2.1 Section 6.8(a) (Operating Accounts). Section 6.8(a) is amended in its entirety and replaced with the following:
“(a) Maintain all of its and all of its Subsidiaries’ depository, operating and securities/investments accounts with Bank and/or Bank’s Affiliates with the exception of (i) the Offshore Accounts and (ii) Outbrain UK may maintain up to seven (7) multi-currency accounts at HSBC Bank (the “HSBC Accounts”), and the aggregate value in such HSBC Accounts shall not exceed (x) Two Million Seven Hundred Fifty Thousand Euros (€2,750,000), (y) One Million Seven Hundred Fifty Thousand British Pounds Sterling (£1,750,000), and (z) Seven Hundred Fifty Thousand Dollars ($750,000), provided, that if any such HSBC Account contains assets in excess of such thresholds for five (5) or more consecutive Business Days, Borrower shall cause Outbrain UK to transfer any such excess to an account of Outbrain UK maintained at Bank or Bank’s Affiliates.”

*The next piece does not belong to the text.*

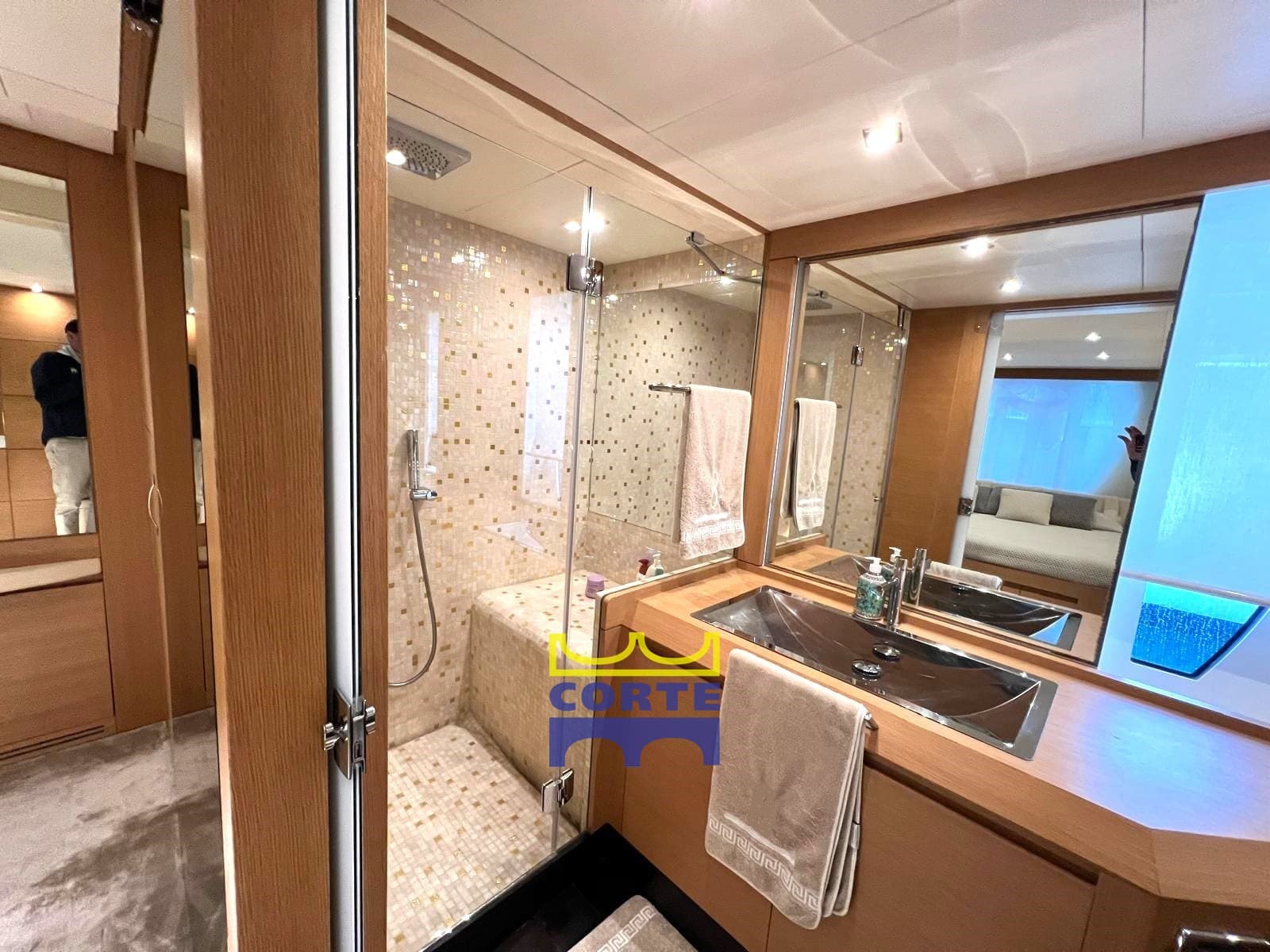 Pershing Pershing 80' used - hero image 8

2.2 Section 13 (Definitions). The following new terms and their respective definitions are inserted into Section 13.1, each in the appropriate alphabetical order:
“HSBC Accounts” is defined in Section 6.8(a).
“Outbrain UK” means Outbrain UK Ltd., a company organized under the laws of England and Wales, and a wholly-owned Subsidiary of Borrower.

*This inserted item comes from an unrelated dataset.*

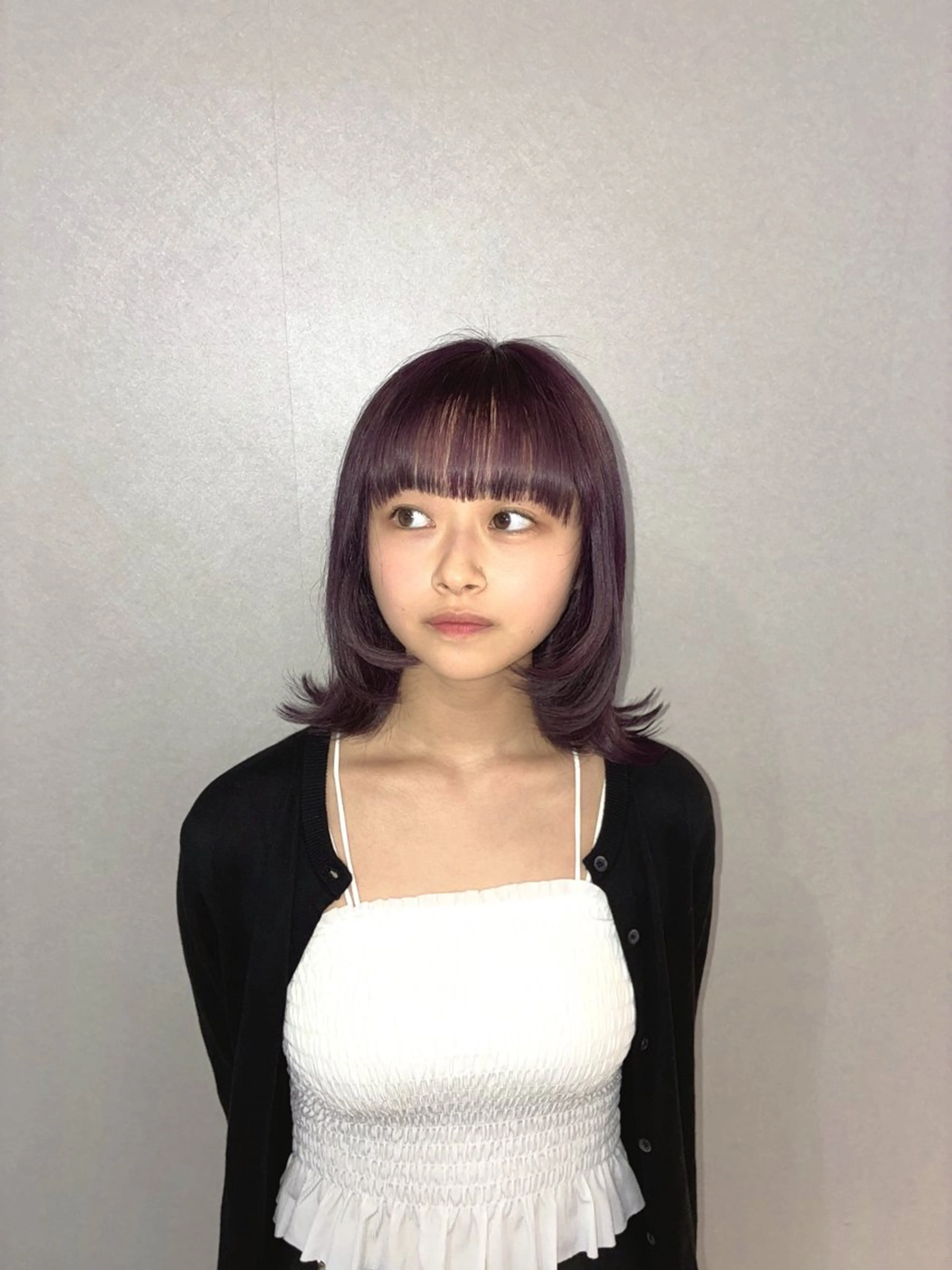 ミディアム カラー ブリーチ ブラウンカラー ラベンダーカラー ラベンダーブラウン レイヤーカット ハナダ メイのヘアスタイル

“Second Amendment Effective Date” is January 27, 2016.
“Uncapped Availability Ratio” is the result of (a) the Borrowing Base, divided by (b) the aggregate amount of all Obligations, including, without limitation, the aggregate amount of all outstanding Letters of Credit, but excluding all Obligations under the Mezzanine Loan Agreement.
2.3 Section 13 (Definitions). The following terms and their respective definitions set forth in Section 13.1 are amended in their entirety and replaced with the following:
“Current Liabilities” are all obligations and liabilities of Borrower to Bank, plus, without duplication, the aggregate amount of Borrower’s Total Liabilities that mature within one (1) year but excluding (i) intercompany payables, (ii) statutory severance required in Israel and (iii) the Obligations under the Mezzanine Loan Agreement.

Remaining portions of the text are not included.